IPyExperiments: Getting the most out of your GPU RAM in jupyter notebook

[this has been moved from the dev chat to support a focused discussion]

TL:DR How can we do a lot of experimentation in a given jupyter notebook w/o needing to restart the kernel all the time? Solution: https://github.com/stas00/ipyexperiments

Post 1: I have been contemplating how we have a very inefficient way of dealing with ‘cuda: out of memory’ problems and also when we do experiments in the notebook and the GPU memory “leaks” with each experiment.

I’d like to explore two closely related scenarios:

  1. dealing with ‘cuda: out of memory’ by being able to roll back to a processor state where we can change the parameters to consume less memory. We already save intermediate states of data, but often it’s cumbersome since it’s not enough to restart the kernel and load the data again, one needs to go and re-run some parts of the notebook, which is very inefficient and error-prone.

  2. having an experiment framework, so that at the end of each experiment the GPU RAM is released.

So the theoretical idea is to have a block like ‘try/except’, but wrt objects, so that at the end of that block all objects that were created since the beginning of this block get freed and the consumed by this block GPU RAM gets automatically released to be used again.

So when I’d like to find out some parameters for better training outcome or for finding the limit of the card, I’d run:

data = ...
memory_block:
    learn = ...
    learn.lr_find()
    learn.fit...

and I could go back and repeat it w/o needing to restart the kernel.

I guess implementation-wise it’d be some kind of fixture that will start recording all new objects created and then destroy them at the end of the block?

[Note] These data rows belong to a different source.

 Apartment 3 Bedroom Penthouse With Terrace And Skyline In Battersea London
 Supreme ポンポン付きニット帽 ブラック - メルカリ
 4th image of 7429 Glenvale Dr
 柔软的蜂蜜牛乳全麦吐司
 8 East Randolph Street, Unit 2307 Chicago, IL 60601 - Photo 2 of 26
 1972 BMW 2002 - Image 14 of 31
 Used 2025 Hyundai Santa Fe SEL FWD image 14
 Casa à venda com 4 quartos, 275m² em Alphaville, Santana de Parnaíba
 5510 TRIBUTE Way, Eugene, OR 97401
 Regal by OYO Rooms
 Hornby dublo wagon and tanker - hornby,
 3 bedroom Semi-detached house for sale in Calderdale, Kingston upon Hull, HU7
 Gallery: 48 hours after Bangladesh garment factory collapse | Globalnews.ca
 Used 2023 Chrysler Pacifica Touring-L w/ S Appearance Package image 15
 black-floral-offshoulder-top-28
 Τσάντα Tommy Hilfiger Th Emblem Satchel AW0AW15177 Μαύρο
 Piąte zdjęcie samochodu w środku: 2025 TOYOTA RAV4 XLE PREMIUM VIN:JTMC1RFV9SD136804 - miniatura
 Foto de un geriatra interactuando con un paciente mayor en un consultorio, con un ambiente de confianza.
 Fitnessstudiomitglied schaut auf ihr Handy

Perhaps just using a simple function will do the trick as the local variables should get destroyed upon its exit, so there is no need to re-invent the wheel - I am yet to try it - I’m not sure under which circumstances pytorch releases its GPU memory. Except it’d be going against the-action-per-cell convention we use, as the whole experiment will need to be moved into a single cell.

Your thoughts are welcome.

Post 2:

It somewhat works. i.e. some memory gets released, but not all.

Is it possible that fastai leaks some objects?

Currently I’m trying to figure out the parameters for lesson3-imdb.ipynb so that my 8GB card can do the lesson, since as is it’s running out of GPU RAM.

def block():
    learn = language_model_learner(data_lm, bptt=70, drop_mult=0.3, pretrained_model=URLs.WT103)

    learn.lr_find()
block()
torch.cuda.empty_cache()

Since cache has been emptied, in theory the GPU RAM should go back to be the same after running this block.

Before running this code I get: 485MiB used, after - 2097MiB. If I rerun this cell it goes up to 2669MiB, and 3rd 3219MiB, then 3765MiB and so forth.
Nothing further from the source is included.